Intel’s 14th Generation Core processors are called Raptor Lake Refresh, but they might not be a great deal cheaper than their predecessors if the latest price rumor is true. The company’s website is showing a 15% price increase for the new processors, and the reason may surprise you.

Intel has already started selling the first laptop chips from its 14th Gen Raptor Lake range, but desktop CPUs have yet to be made available. That could change in October, when the new processors are reportedly due to hit store shelves.

The new Raptor Lake chips are expected to offer up to four more cores than the current 13th Gen CPUs, but they won’t necessarily be any faster overall. A leaked Cinebench benchmark comparing the Core i7-14700K to the older Core i7-13700K shows only a three percent multi-threaded uplift for the older chip, and that’s even after factoring in the extra cores.

That’s not to say the new chips won’t be good, but they may not be able to do enough to compete with AMD’s Ryzen 7 series. A leaked Intel document also points out that the 14th Gen chips will have the same L3 cache size of 64MB and will still have the same memory controller as before, so they won’t enjoy a significant IPC uplift over the current chips.

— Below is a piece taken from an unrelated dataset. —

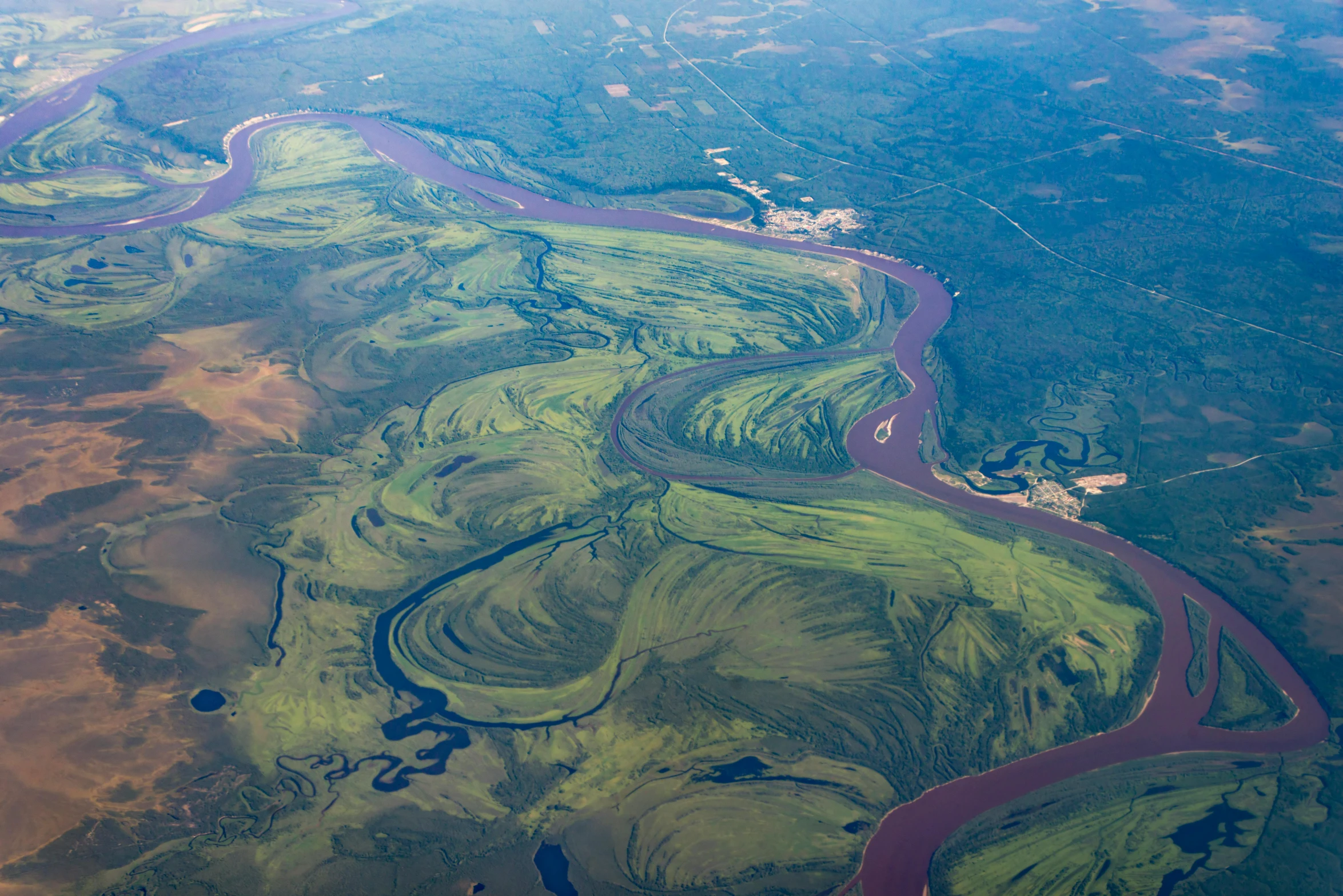 an aerial view of a river running through a valley, by Jessie Algie, river delta, green slime, neo norilsk, thumbnail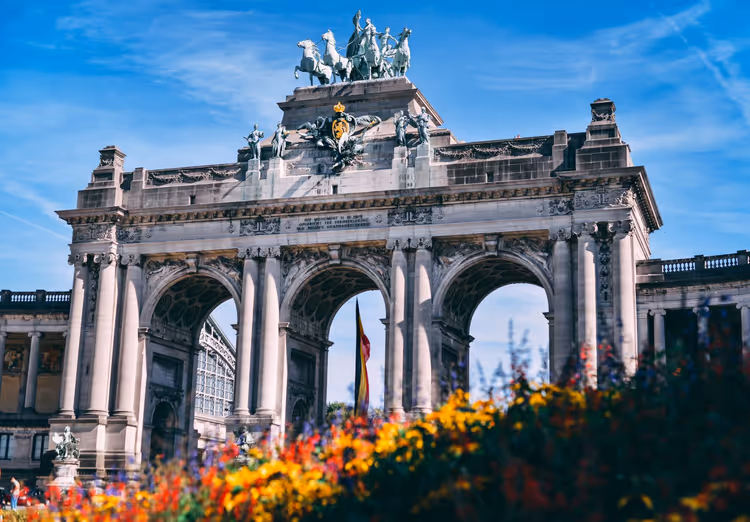 Triumphbogen im Jubelpark in Brüssel mit bronzener Quadriga, im Vordergrund leuchtend bunte Blumen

As for the price increases, it appears they will affect all models from the Core i3-13600KF to the top dog Core i9-14900K. The cheapest models will see the least hike, with the Core i3-13600KF seeing a $40 rise to $540, and the pricier chips getting an extra $95 to reach $695.

Of course, this is all just speculation at this stage, and the price hikes might be reversed when the processors are officially released. But it does point to the possibility of an upcoming price war between AMD and Intel as the launch of Zen 5 draws closer.

Zen 5 is expected to bring IPC uplifts of up to 30% over the current generation and will be based on the same 10nm process as its predecessor, and that’s sure to give AMD some breathing room when it comes to desktop pricing.

The good news for enthusiasts is that the upcoming CPUs will be backward compatible with existing motherboard sockets, so if you have a 600 or 700-series motherboard with compatible coolers, you’ll still be able to upgrade your PC to the newer CPUs. Likewise, you’ll be able to transplant your cheap DDR4 or DDR5 RAM kits, and Intel’s LGA 1700 motherboards will continue to support both.